Top of PROVIDED DATA

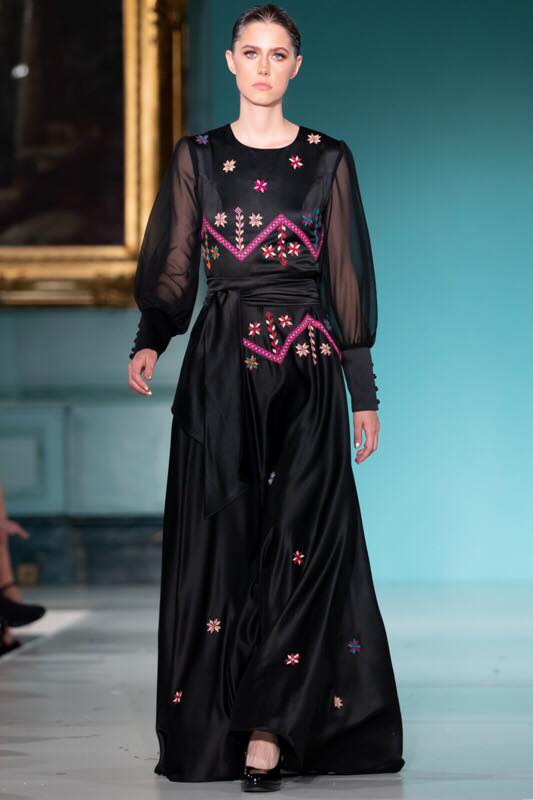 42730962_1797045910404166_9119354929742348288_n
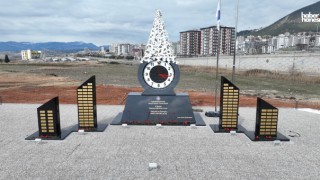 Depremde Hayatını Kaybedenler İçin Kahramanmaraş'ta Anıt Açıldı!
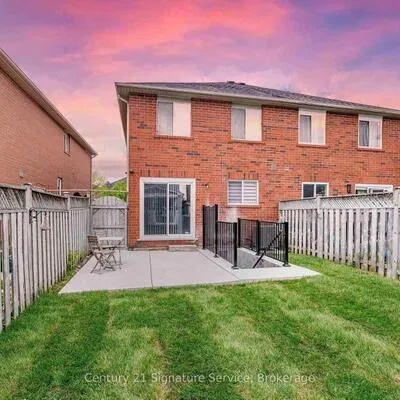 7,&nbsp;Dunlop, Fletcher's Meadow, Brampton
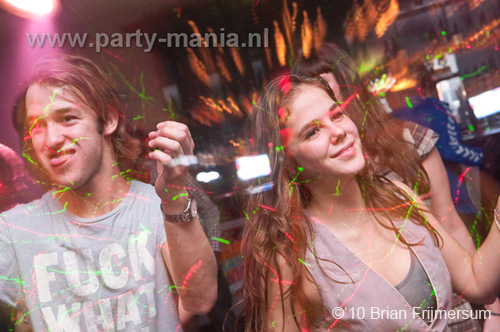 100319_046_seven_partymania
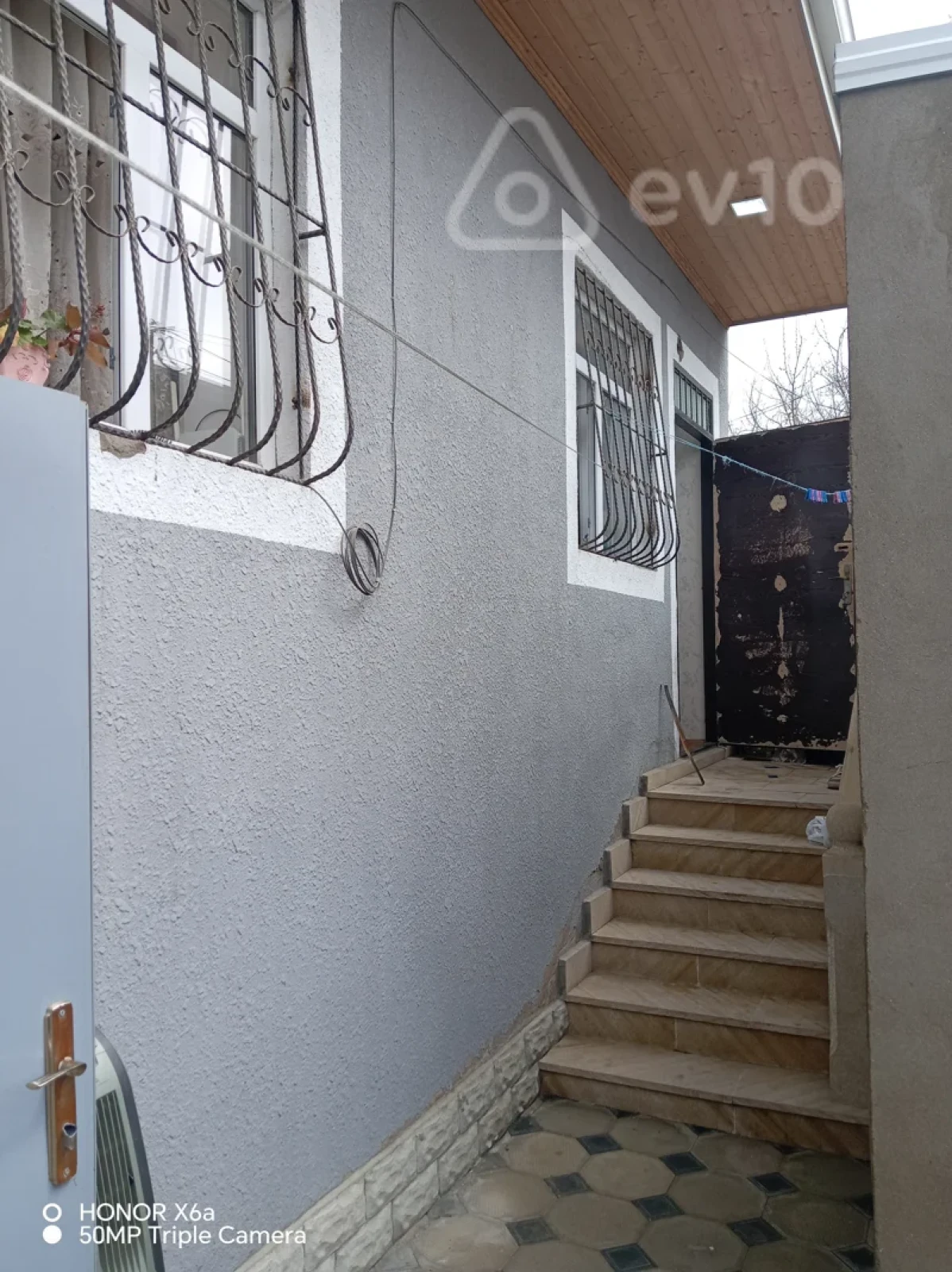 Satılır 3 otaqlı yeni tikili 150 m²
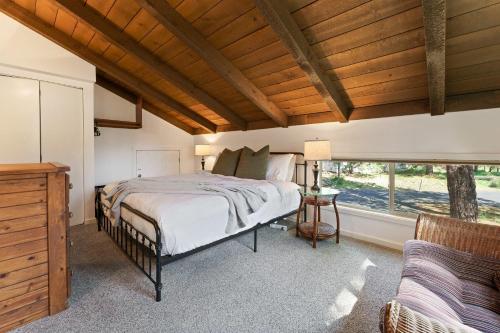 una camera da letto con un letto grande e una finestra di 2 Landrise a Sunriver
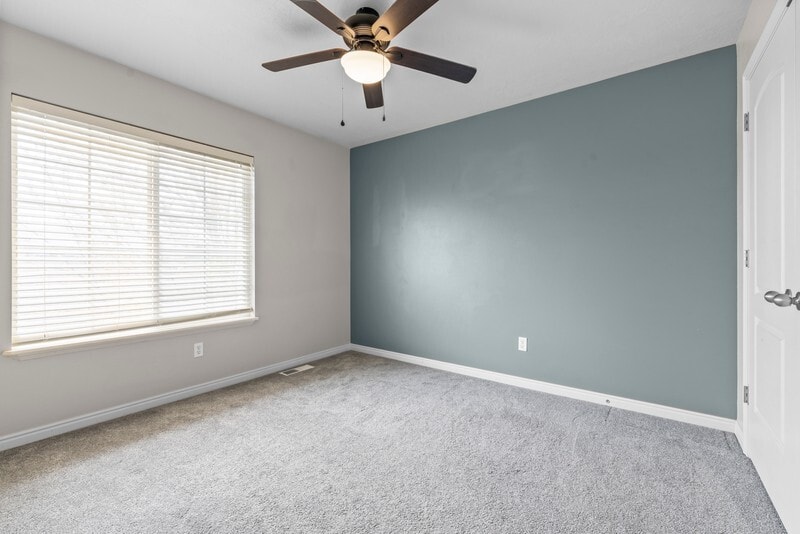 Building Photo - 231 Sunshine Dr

Bottom of PROVIDED DATA

DESCRIPTION OF THE TASK
Reproduce exactly and only the lines from the one with "7,&nbsp;Dunlop, Fletcher's Meadow, Brampton" through the final line of the records above, inclusive. Pictures must be left out.

WRITTEN ANSWER
 7,&nbsp;Dunlop, Fletcher's Meadow, Brampton
 100319_046_seven_partymania
 Satılır 3 otaqlı yeni tikili 150 m²
 una camera da letto con un letto grande e una finestra di 2 Landrise a Sunriver
 Building Photo - 231 Sunshine Dr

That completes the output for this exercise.